Eva Viteckova (Czechy): zdecydowana liderka gospodyń od kilku meczów jest w świetnej dyspozycji. W starciu z Koreankami miała 27 punktów, z Hiszpankami 16, a w meczu z Brazylijkami znów zagrała co najmniej bardzo dobrze, bo zdobyła aż 24 punkty, ponadto zanotowała 3 asysty, 2 zbiórki i przechwyt.

Styliani Kaltsidou (Grecja): wyraźnie spuściła z tonu w drugiej rundzie rozgrywek, ale przypomniała sobie o swoich sporych umiejętnościach w ważnym starciu z Białorusinkami. Uchronić Greczynki przed porażką jej się nie udało, ale indywidualnie zaliczyła świetny występ - 29 punktów, 4 zbiórki i 2 przechwyty mówią w tym wypadku same za siebie...

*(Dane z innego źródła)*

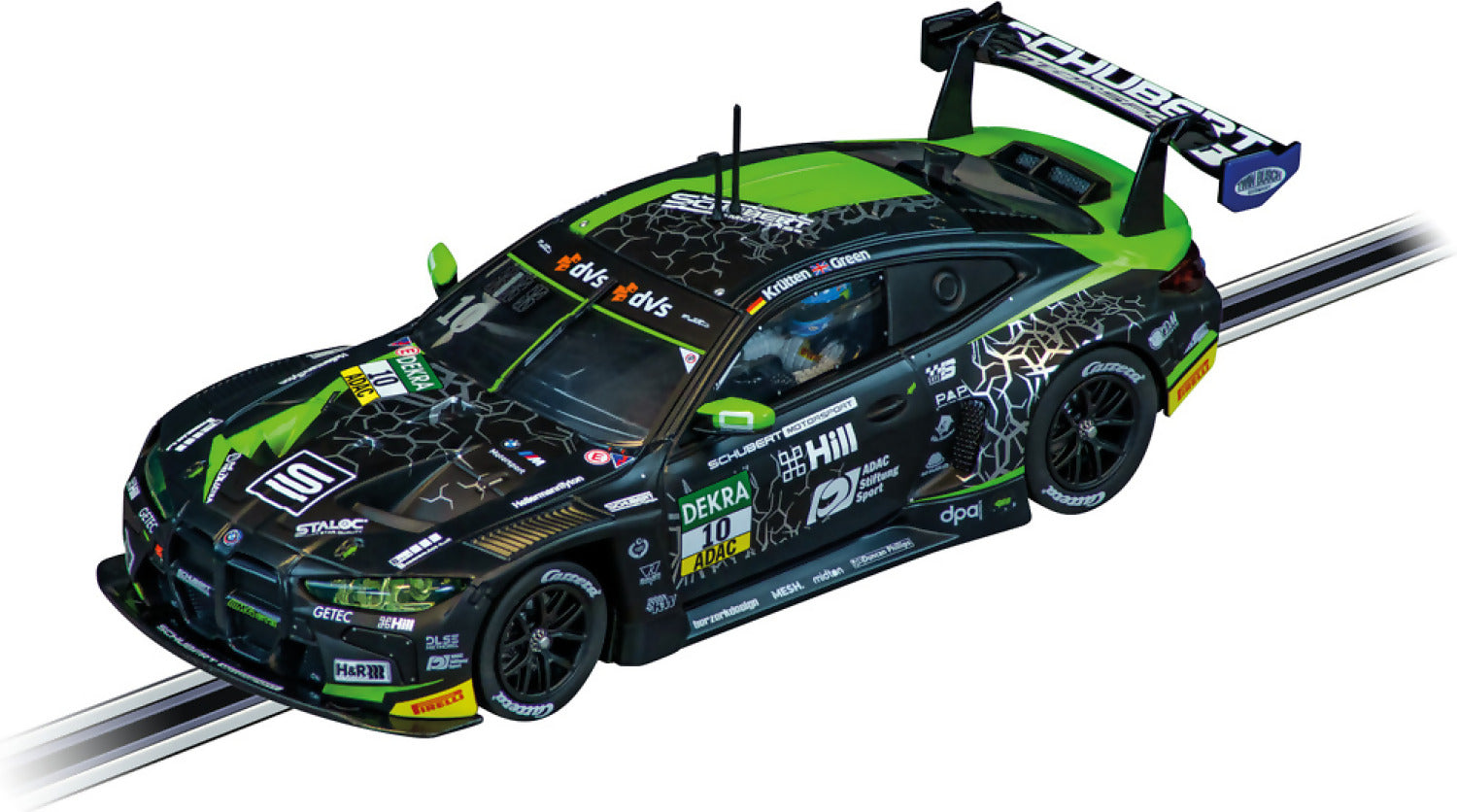 Carrera - Evolution 1:32 -n Bmw M4 Gt3 schubert Motorsport No.10 Slot Car Also Suits Scalextric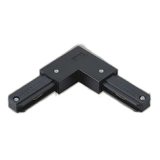 画像: 大光電機(DAIKO) LZA-A0250K 部材 L形ジョイナー フィードイン端子付 左用 ブラック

Amaya Valdemoro (Hiszpania): po raz kolejny okazała się skuteczniejsza niż Sancho Lyttle, która także zagrała bardzo dobrze. Obie są liderkami hiszpańskiego zespołu, ale pomimo tego nie zdołały zapobiec klęsce w starciu z Rosjankami. Valdemoro po raz kolejny przekroczyła jednak barierę 20 oczek - zdobyła 21 punktów, zebrała 4 piłki, miała również blok, asystę i przechwyt.

Liczby 6. dnia:

35 - tyle zbiórek w obronie miały reprezentantki Chin, które w meczu z Argentynkami łącznie zebrały aż 46 piłek. To w pewnym stopniu pokłosie fatalnej dyspozycji strzeleckiej Albicelestes, a w pewnym też umiejętności znalezienie się w odpowiednim miejscu. Chinki wskoczyły na drugie miejsce w tym elemencie, wyprzedzają je tylko Rosjanki, choć warto dodać, że ex aequo na drugiej pozycji jest także Australia.

17 - wydawać by się mogło, że notując aż tyle przechwytów przegrać się nie da. Nic bardziej mylnego - Greczynki wprawdzie tyle razy dostawały piłkę, ale nie potrafiły tego w pełni wykorzystać i uległy popełniającym mnóstwo błędów Białorusinkom, w efekcie nie zdołały awansować do ćwierćfinału.

11 - to liczba trafionych trójek przez...Białorusinki. Wprawdzie błędy były rażące, ale miały też element, w którym czuły się wybitnie dobrze. 11 trafionych rzutów z dystansu to najlepszy wynik na czempionacie w Czechach, który wcześniej udało się tylko dwóm reprezentacjom - Hiszpanii i Brazylii. Warto dodać, że nasze wschodnie sąsiadki trafiały na 55 procentowej skuteczności, lepsze były więc tylko..podopieczne Jorge Hernandeza, które potrzebowały oddały 19 rzutów przy 20 Białorusinek.